Shoo, all of you. I saw him first.
Even the tabloids are all over him this week, when after he won the Iowa caucuses he was brushed off as an upstart by the likes of Niall O'Dowd, who hadn't the gumption to read the bloody polls.
But America belongs to the world. It is the mirror on to which we reflect our brightest and darkest senses of self. From Tuesday, he's going to be their leader, so that means he's going to be our leader too.
But it's the Kings of Leon principle. It's easy to like him now. I liked him when he was just forming exploratory committees, and having a crack at the White House was just a fleeting vision. I was wearing my Obama 08 t-shirt back when he was ephemeral and uncool.

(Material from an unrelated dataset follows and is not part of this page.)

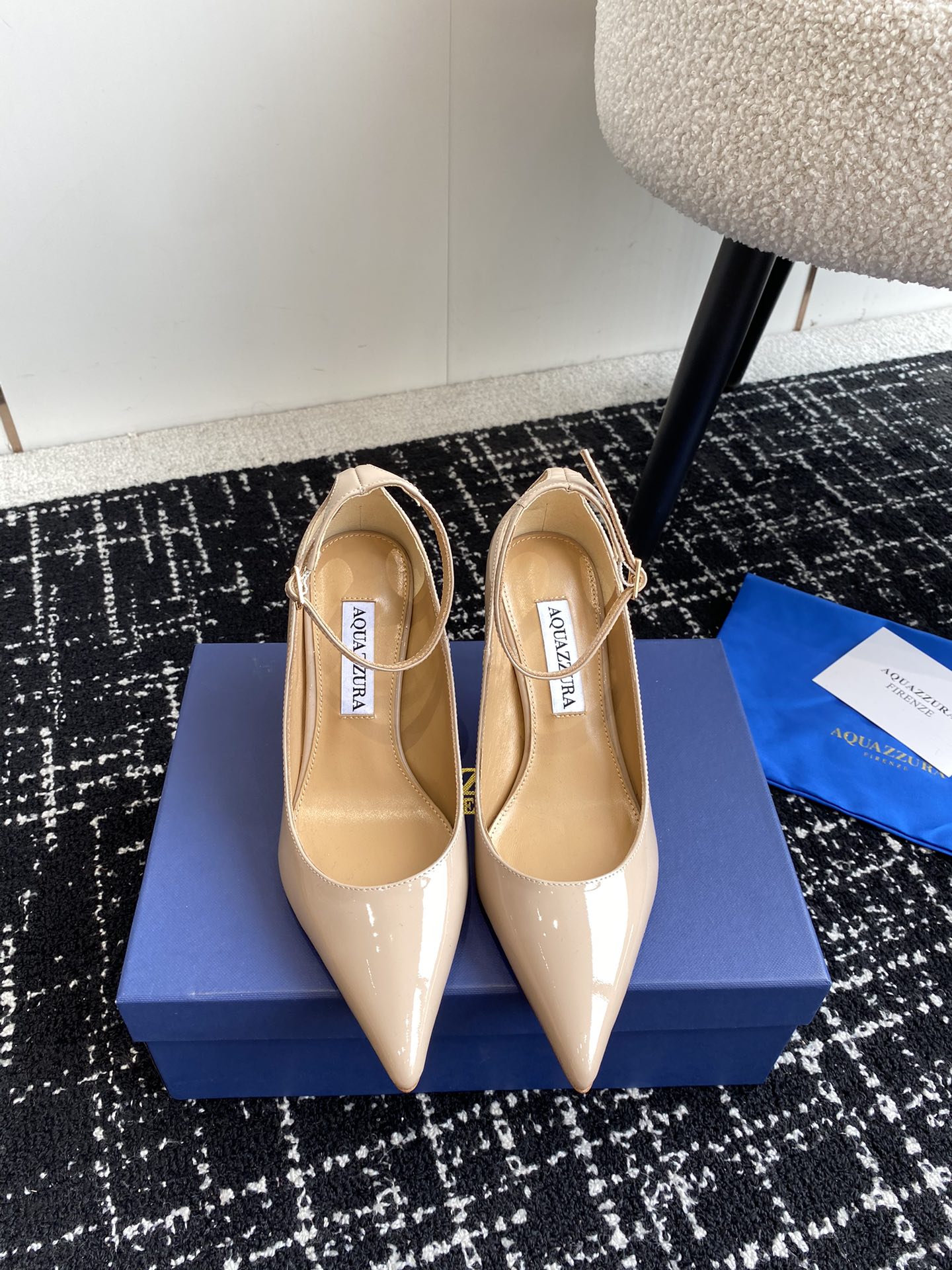 Aquazzura24ss惊艳火爆款菠萝王室贵族的钟爱雍容华贵气质高雅到手如图柜级品质进口麂皮/漆皮内里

But enough about The Chalkboard's recalcitrant, selfish ways.
The world will be looking to Washington this Tuesday, and for a brief moment our faith in democracy will be massaged just a little bit.
Government by the people for the people isn't a perfect system, but as the 20th century showed us, it's better than the alternatives. Call it a form of civic compromise.
But on Wednesday, we'll have to fix our gaze back on the quagmire of our own politics, with back biting and ideological emptiness and nay-saying standing in the place of vision, rhetoric and leadership.
What we require now is more than just the belittling of Brian Cowen and Enda Kenny. As a society we can't replace a call to be responsibly governed with a collective shrug of apathy.
No doubt the question will be asked in the days and weeks to come: Where is our Obama?
But the question should be: If Obama was Irish (easy now, Corrigan Brothers), would he have been allowed to succeed?
The answer is no. A young back bencher in Dail Eireann, spouting hope and change and finding the highest vestiges of ourselves would be buried under a junior ministry at the Department of Health for ten years to beat a bit of order into him.
To lead this country, you have to become wedded to the system, so much so that when the Taoiseach's office is yours your only desire is to preserve the status quo.
Barack Obama brazenly by-passed the machinery of the Democratic Party and took his message directly to the people. By the time Hillary Clinton and the apparatus of power had copped on to how great a threat he was, it was too late.
But why should we accept that our system won't allow youth and ideas to flourish? Acceptance of the inevitable makes it so, and we always, always get the politicians we deserve.
As flawed as the electoral college system in the United States can be, the election of Barack Obama represented the mobilisation of a people to demand something better, something more from their leaders. The cold reality of now may scupper that in the years ahead, but for today at least it exists - hard and pure.
The proof that the citizens of a democratic society can shape the future as they see fit is the true legacy of Obama's election. It is a lesson that should be allowed to resonate here and everywhere else.